Problem:
Write out the records below from the first line through the line containing "Lampa poate fi", leaving out any pictures.
[Start of Attachment]
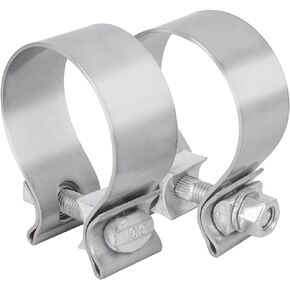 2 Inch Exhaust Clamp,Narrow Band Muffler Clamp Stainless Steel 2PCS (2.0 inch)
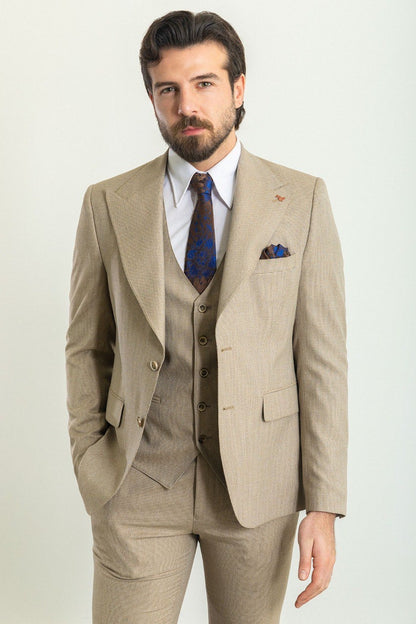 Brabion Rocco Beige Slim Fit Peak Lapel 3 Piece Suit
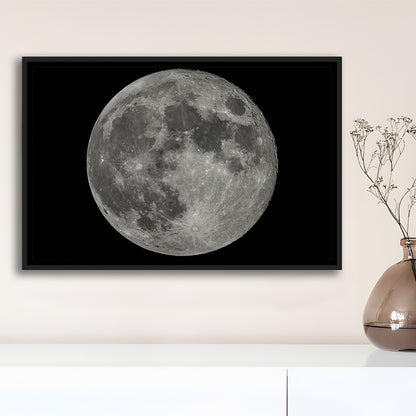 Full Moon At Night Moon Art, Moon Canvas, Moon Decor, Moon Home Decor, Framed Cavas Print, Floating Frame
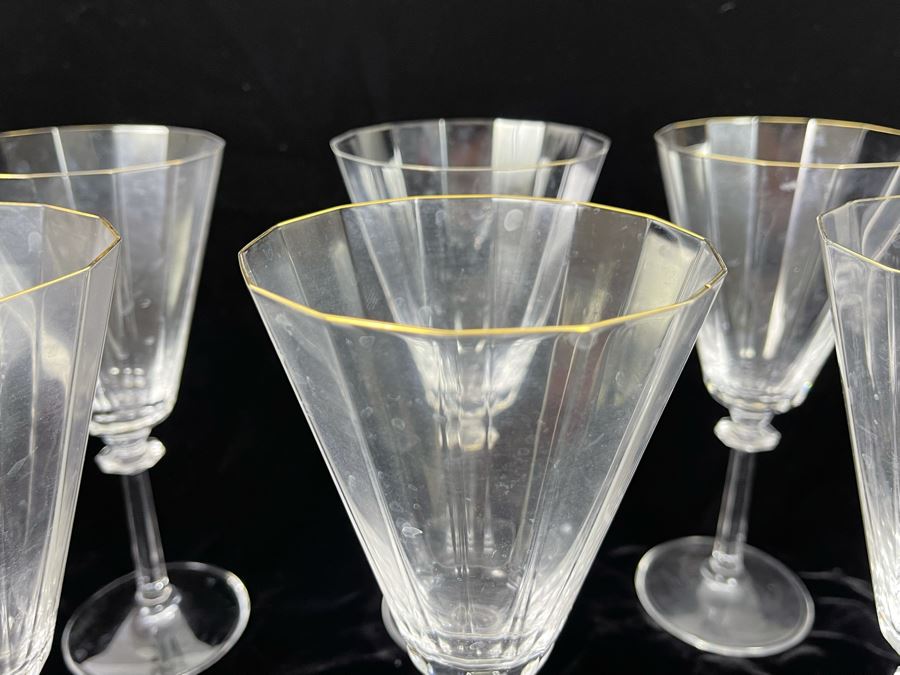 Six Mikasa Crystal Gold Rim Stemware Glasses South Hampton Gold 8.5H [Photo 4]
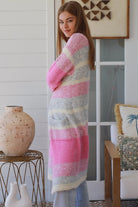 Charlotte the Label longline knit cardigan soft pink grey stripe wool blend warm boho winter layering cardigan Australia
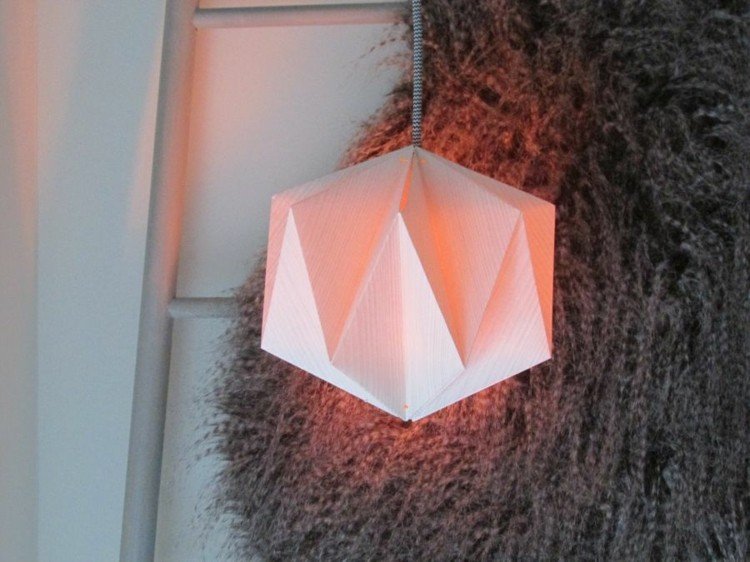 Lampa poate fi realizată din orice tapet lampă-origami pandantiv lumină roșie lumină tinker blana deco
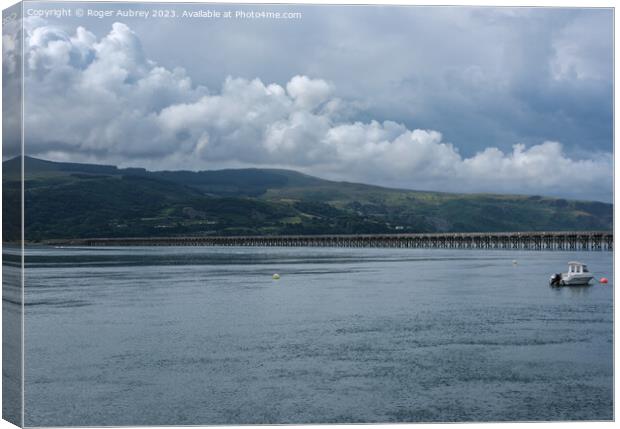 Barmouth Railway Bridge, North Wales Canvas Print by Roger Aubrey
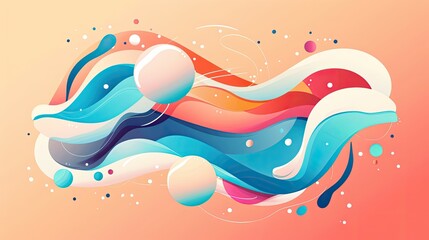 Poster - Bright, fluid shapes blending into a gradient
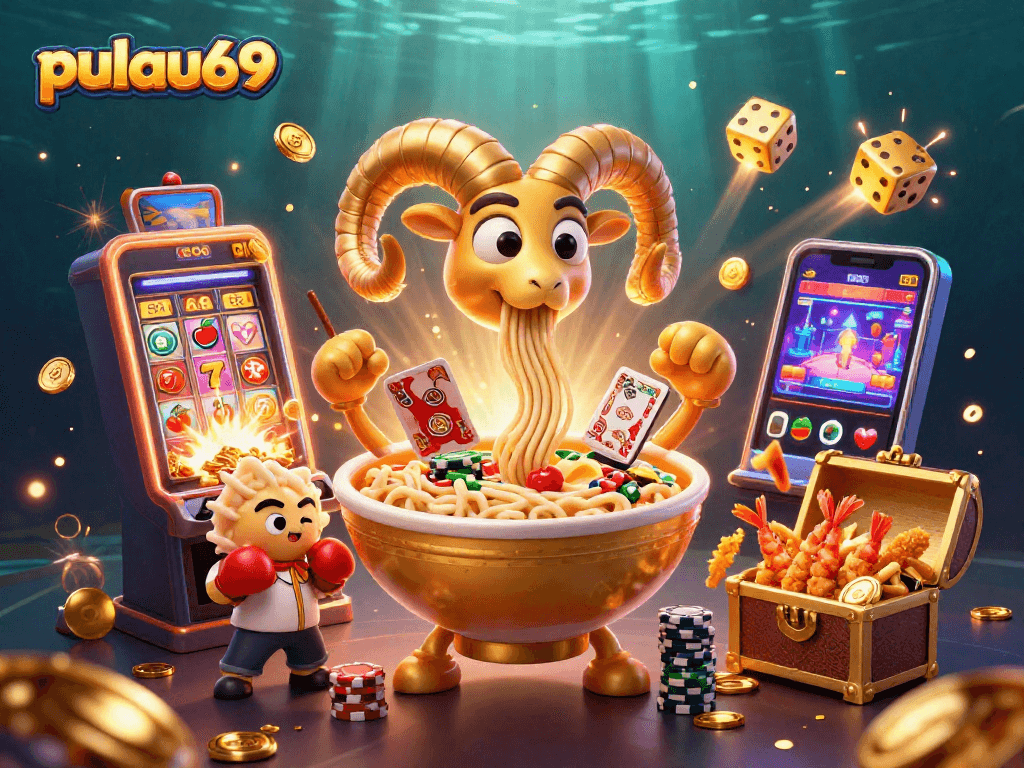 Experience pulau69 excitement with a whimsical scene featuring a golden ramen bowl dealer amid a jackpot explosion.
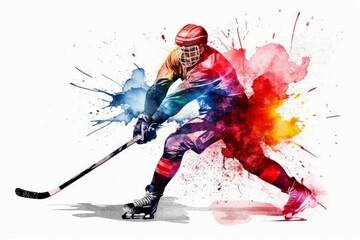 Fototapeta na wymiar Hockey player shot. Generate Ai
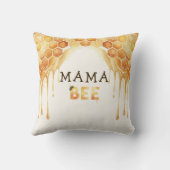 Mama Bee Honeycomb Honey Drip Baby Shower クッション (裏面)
[End of Attachment]
Result of this exercise:
 2 Inch Exhaust Clamp,Narrow Band Muffler Clamp Stainless Steel 2PCS (2.0 inch)
 Brabion Rocco Beige Slim Fit Peak Lapel 3 Piece Suit
 Full Moon At Night Moon Art, Moon Canvas, Moon Decor, Moon Home Decor, Framed Cavas Print, Floating Frame
 Six Mikasa Crystal Gold Rim Stemware Glasses South Hampton Gold 8.5H [Photo 4]
 Charlotte the Label longline knit cardigan soft pink grey stripe wool blend warm boho winter layering cardigan Australia
 Lampa poate fi realizată din orice tapet lampă-origami pandantiv lumină roșie lumină tinker blana deco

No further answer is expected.